If you could only have one surf casting rod in you arsenal what length and action would you get. 
I realize I've not mentioned the type of fish I'm targeting or any other specifics. I'm just wanting to get a general idea on an all around good surf rod. Thanks in advance. Bryan


----------



## markedwards (Jan 29, 2001)

12 ft med/heavy rated for 3-8 oz.


----------



## sunburntspike (Oct 4, 2010)

ditto!!!


----------



## Hudak (Sep 10, 2007)

Cast Pro 12' 3-7 comes to mind.


----------



## earl of DC (Jul 7, 2007)

thekingfeeder said:


> Cast Pro 12' 3-7 comes to mind.


thats what i hav & i luv it !!!


----------



## bloodworm (Jan 5, 2007)

12ft as well MH 3-6oz


----------



## GreenFord (Apr 11, 2009)

!2ft is a sure thing and most likely around 3-6 oz will cover most fishing.


----------



## skunk king (Mar 25, 2008)

12 foot for surf, 8 foot for piers.


----------



## Mark G (Nov 15, 2004)

If only one I'd have to go for a heaver in the 13 - 14' range, probably century, maybe Zziplex.


----------



## Jeremy Schrader (Feb 7, 2009)

13' Century TTLD Super match mated with Penn 525 Mag and running 15 pound with a 70 pound shock leader.


----------



## Hooked Up (Feb 6, 2009)

betcha cant just own one


----------



## Tacpayne (Dec 20, 2008)

Jeremy Schrader said:


> 13' Century TTLD Super match mated with Penn 525 Mag and running 15 pound with a 70 pound shock leader.
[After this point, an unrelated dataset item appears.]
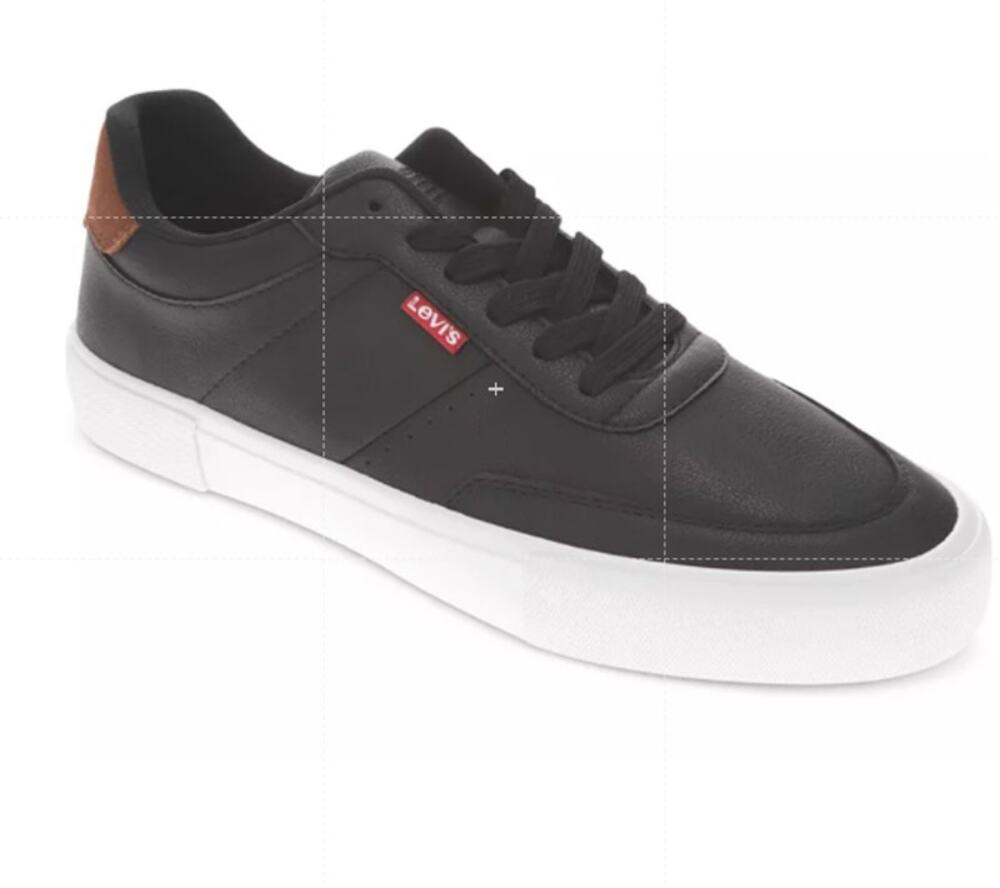 Levi's Munro NM Shoes Mens Size 8 Black Tan Faux Leather Casual Sneakers New Box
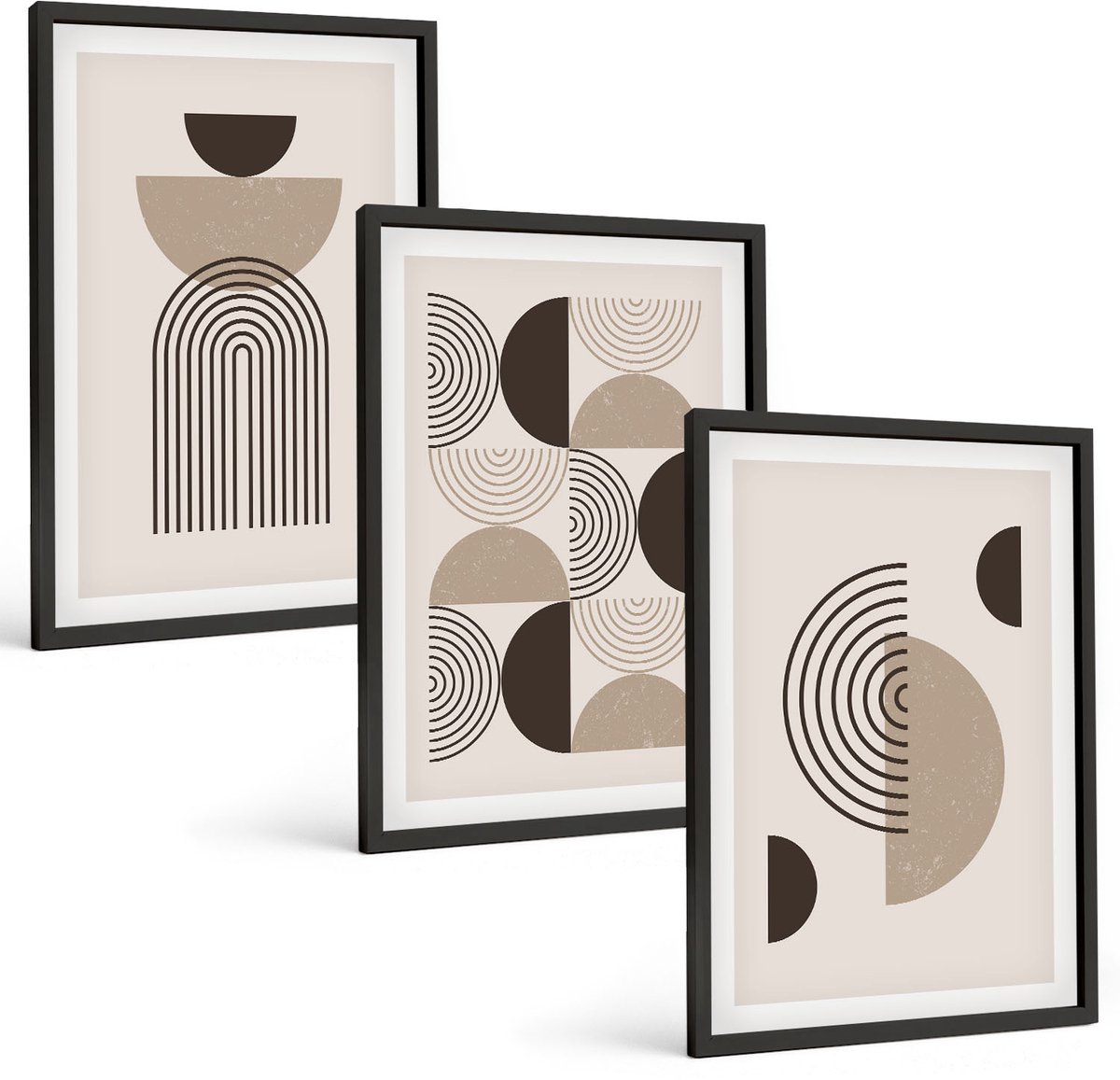 Tulup 4-Delige Schilderij Set - Abstracte geometrische patronen minimalisme - 40 x 60 cm - Muurdecoratie - Wanddecoratie - Slaapkamer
After spending some time with this rod I would have to agree!


----------



## Hudak (Sep 10, 2007)

Hooked Up said:


> betcha cant just own one


Especially YOU! lol


----------



## Al Kai (Jan 8, 2007)

markedwards said:


> 12 ft med/heavy rated for 3-8 oz.


Yep, same here.


----------



## TimKan7719 (Apr 4, 2008)

Who in the heck would only buy one rod to fish the surf with? That would be like only eating tofu the rest of your life. There are so many things you can do on the beach besides just tossing out bait and letting it soak. I got poles for tossing metal, tossing light baits, and heavers. But It you had a gun to my head and said You can only take one rod from your truck to surf fish with I would take my 10fter, i can toss metal a good long time with it as well as toss 6oz of weight with it if I need to let some bait soak.


----------



## BAYFISHER (Jul 6, 2001)

Try either the Tsunami, 11 ft, 2-10 oz. or the Solaris by okuma, both are light, strong, and one of which, I had thrown 12 oz. once with cut bait. OC inlet.


----------



## jbyrd24 (Nov 8, 2010)

Thanks for all of the suggestions. Bryan


----------



## BeachBob (Aug 27, 2010)

cps 11' 3-6


----------



## fish bucket (Dec 5, 2002)

i have a breakaway allstar 11'9",dual rung that will throw 3-6 with a spinner/braid.
i can put my penn squall on it and throw 8nbait.
so that is my 1 rod


----------



## SALTSHAKER (Dec 5, 2002)

I kind of like the looks of the new prototype Tommy was testing the 3-6 11 foot... will throw up to eight (not recommended) and 2oz... bout covers most of the bait fishing I do.... think I will wait a bit and see when the production comes out... salt


----------